Overseen by local authorities, the camp houses about 1,000 people who are "receiving all the medical and relief care they require", adviser to the governor of Ninawa province Duraid Hekmat told Diyaruna.
"The camp is similar to other camps for internally displaced persons (IDPs) in the towns of Khazer and al-Qayyarah, as it contains a medical centre to treat all cases, and families are provided with relief supplies, food and water," he said.
"The members of these families are mostly women whose husbands have been fighters in the ranks of ISIS, including some who are pregnant and others who are mothers to small children," he said. "Also present are teenagers and men."
A specialised security committee has been checking the personal records of these individuals against a database that contains intelligence information and the testimonies of local residents, he said.
Need for rehabilitation
Hekmat stressed the need for "centres to rehabilitate the families who are not convicted of terrorist acts or supporting ISIS, especially women who were forced to marry militants and bore children from them".
These people have lived with terrorists "for a long period of time and suffered at their hands, and may have been influenced to some degree by their extremist ideas", he said. "They should not be left without rehabilitative treatment and psychotherapy to help them re-enter the community."
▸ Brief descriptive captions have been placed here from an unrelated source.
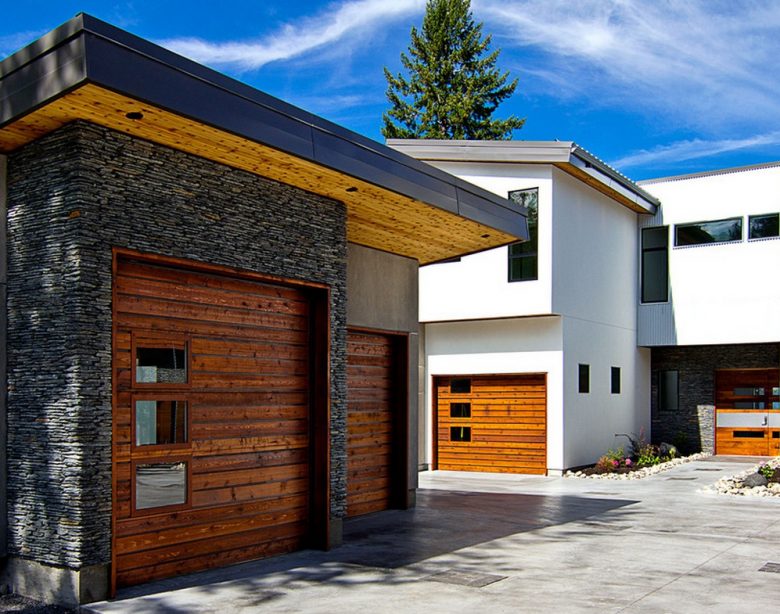 garage door mixture of materials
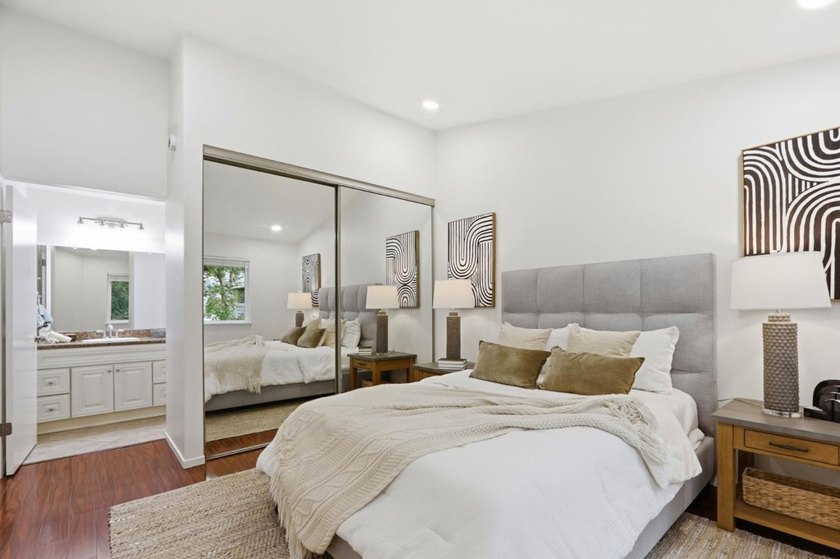 Welcome 1547 Four Oaks Circle, this beautifully updated - photo 10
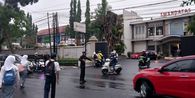 Pelajar Tasikmalaya Berlarian Sambil Hujan-hujanan hingga Orangtua Kelimpungan Turuti Aturan Dedi Mulyadi Masuk 06.30 WIB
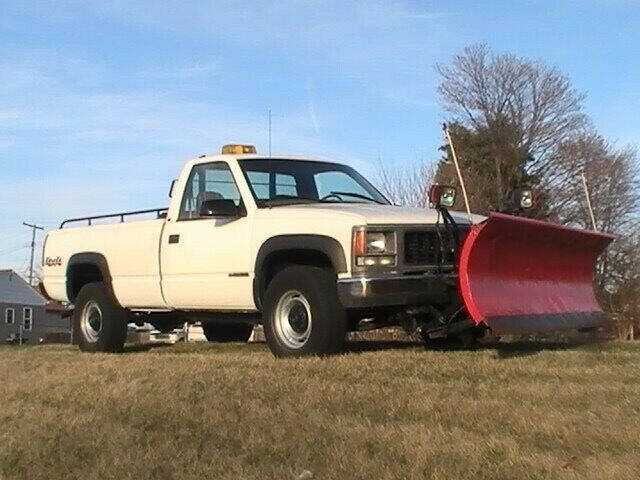 2000 GMC C/K 2500 Series for sale at Groesbeck TRUCK SALES LLC in Mount Clemens MI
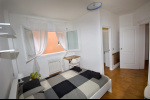 room with king's bed park guell residence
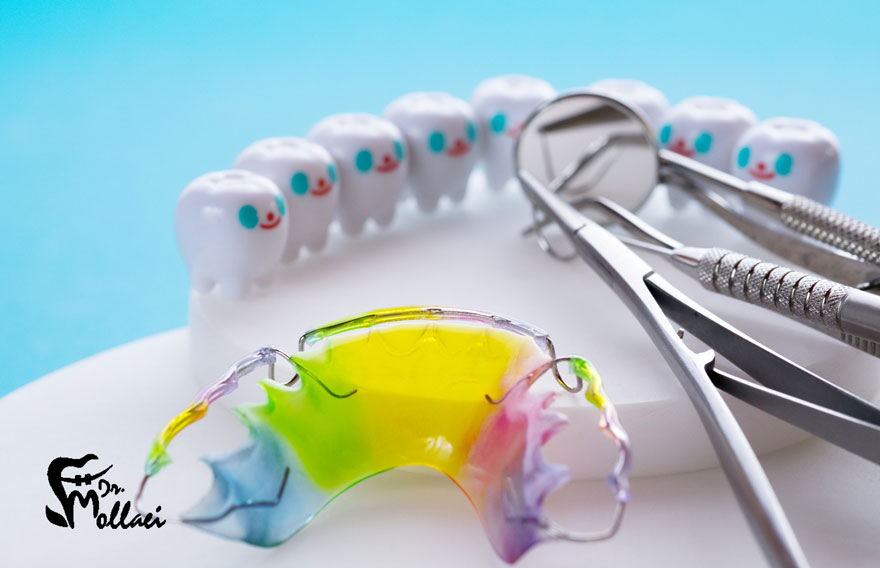 نگهدارنده ارتودنسی وسیله‌ای است که بعد از اتمام درمان ارتودنسی برای حفظ موقعیت جدید دندان‌ها استفاده می‌شود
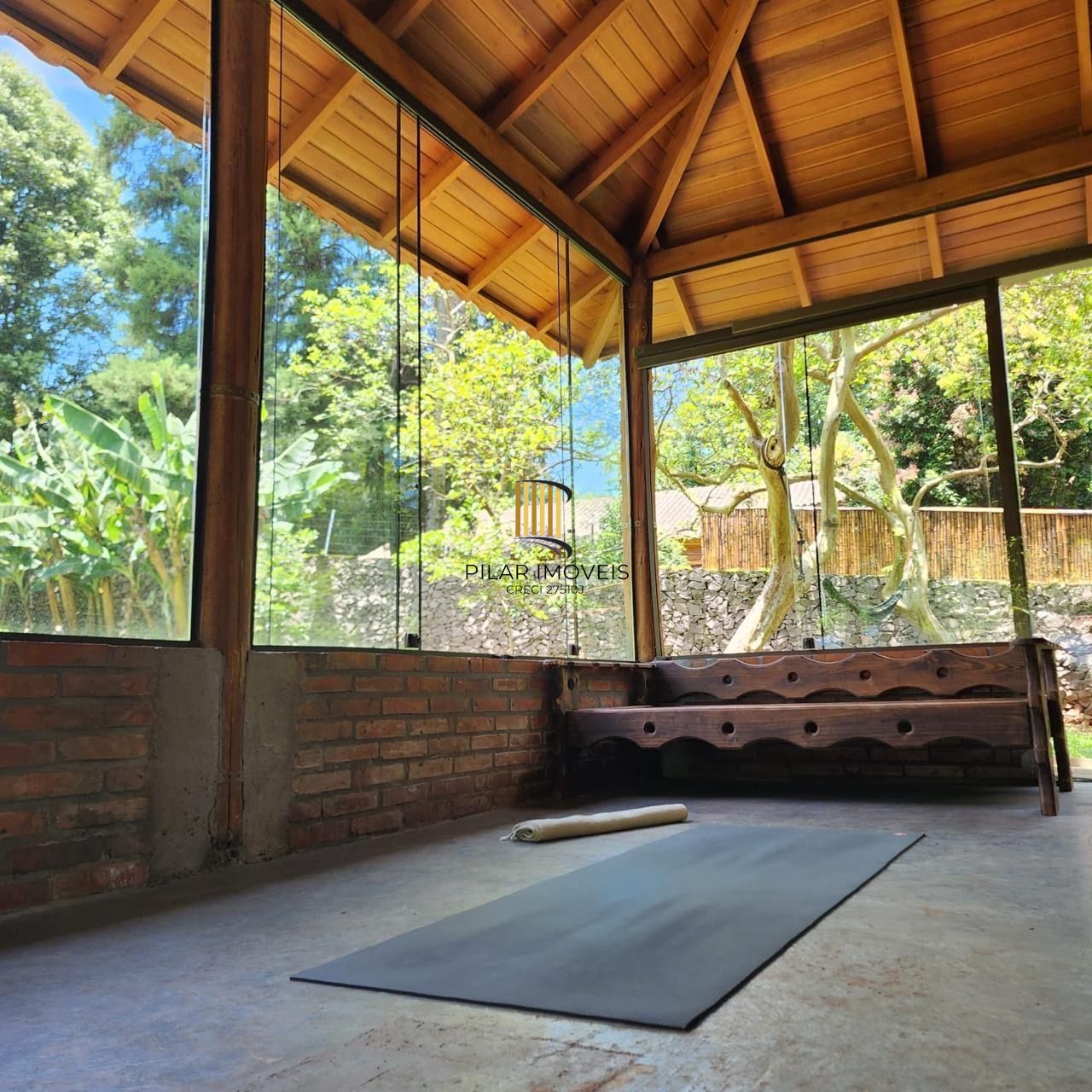 Casa com 2 dormitórios, piscina em terreno totalmente arborizado.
On June 20th, the Mosul District Council voted to "ban ISIS families from returning to their original places of residence in Mosul and to expel the families who are currently in the city".
This decision has met with mixed reactions, however.
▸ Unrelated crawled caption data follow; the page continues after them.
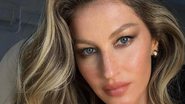 Gisele Bündchen compartilha clique realizando posição de Yoga e desabafa sobre aprendizados - Instagram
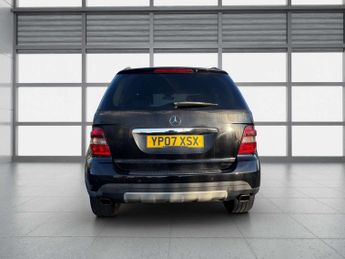 Mercedes-Benz M Class 3.0 ML280 CDI S SUV 5dr Diesel 7G-Tronic (254 g/km, 190 bhp)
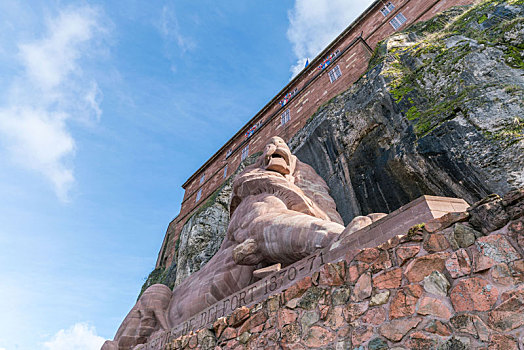法国贝尔福城堡山上巨大的狮子雕像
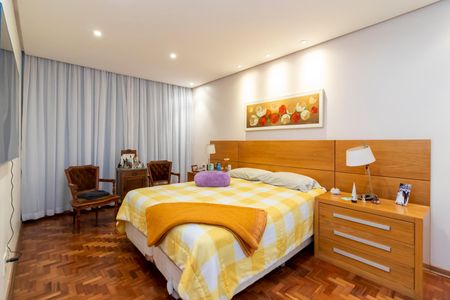 Apartamento à venda com 209m², 3 quartos e 2 vagas Apartamento à venda com 209m², 3 quartos e 2 vagasSuíte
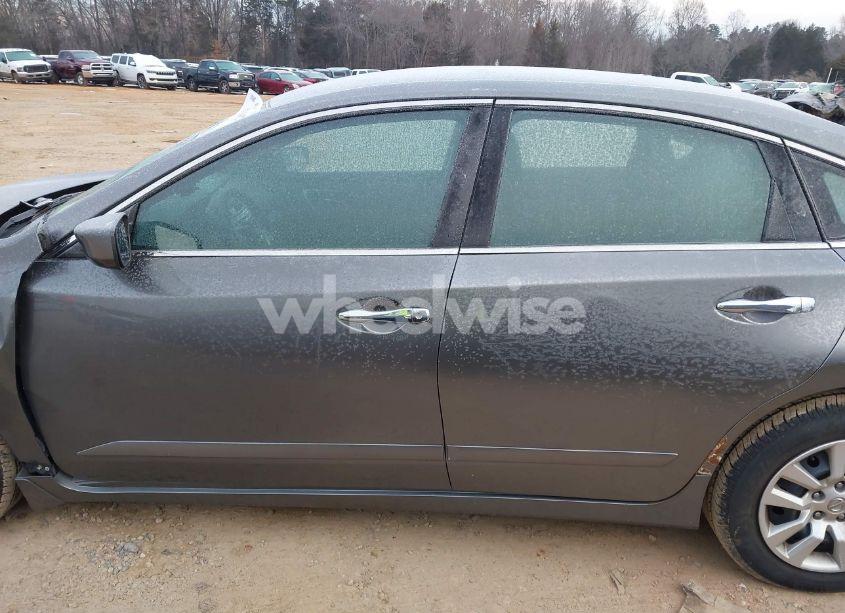 Photo 14 of 2015 Nissan Altima 2.5 S (VIN 1N4AL3AP2FC454692)
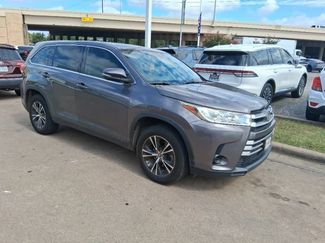Used 2019 Toyota Highlander LE FWD video 1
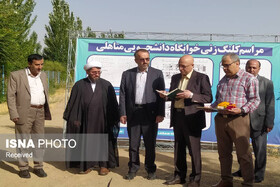 فضاهای مناسب برای اسکان دانشجویان تدارک دیده شود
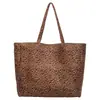 Bolso de moda coreano de nuevo nicho transfronterizo con estampado de leopardo, de doble cara, gran capacidad, para el trabajo, de un solo hombro, bolso tote para mujer
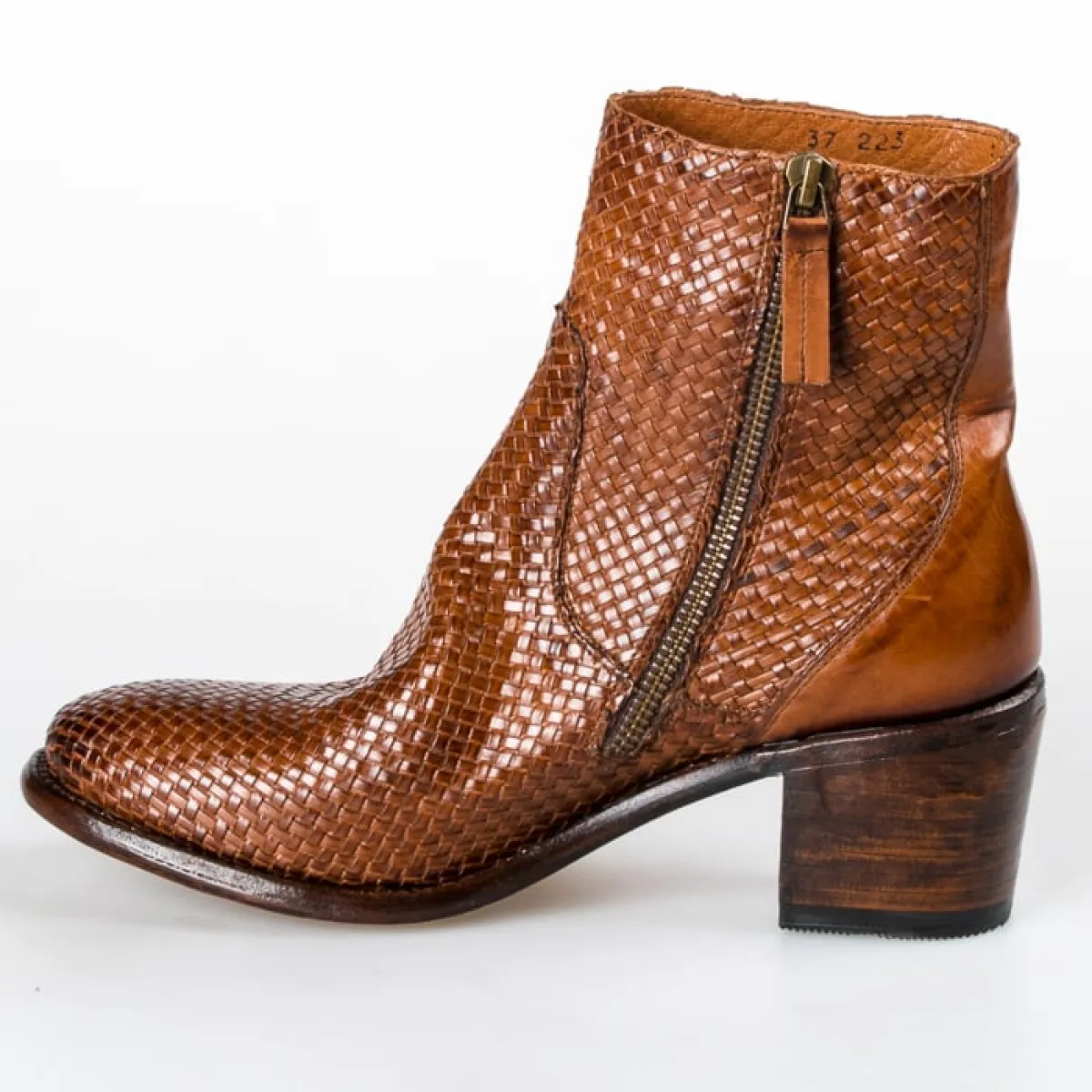 39516 TRENZ SPOLETO 4 Cordwainer Cordwainer 39516 TRENZ SPOLETO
Ninawa provincial council member Hassan Shabib al-Sabaawi said the issue of these families presents a real challenge to the Iraqi parliament, which will have to deal with it.
A foundation for stability
"We must lay the foundation, starting now, for stability and justice in [Mosul] by granting the victims of terrorism their rights, and embracing the guiltless children of ISIS families so they do not grow up in an isolated environment and become extremists or enemies of society," al-Sabaawi said.
On the other hand, supporters of the ban see it as a means to prevent retaliation against those families simply because they are related to militants.
"The fear of the return of incubating environments for terrorists is enough to justify banning the return of the militants’ families at the present time," said Ninawa provincial council member Mohammad Nouri Abed Rabbo.
"A return is possible, but only after the [security] check process is completed and the innocents are separated from those who have blood on their hands or abetted their ISIS relatives in committing their crimes," he told Diyaruna.
Inside the camp, he said, ISIS families "are protected and closely monitored by the security and local authorities".
They are going through a questioning and investigation process to ensure they are cleared from a security standpoint, he added, noting that "if their innocence and sincerity is proven, they will inevitably return to live in the community".
Ensuring the security of Mosul is a priority at this stage, he said.
"There are still ISIS sleeper cells in the city and security breaches that occur from time to time," he said, adding that the return of some ISIS families at the present time "may stimulate terrorist activity".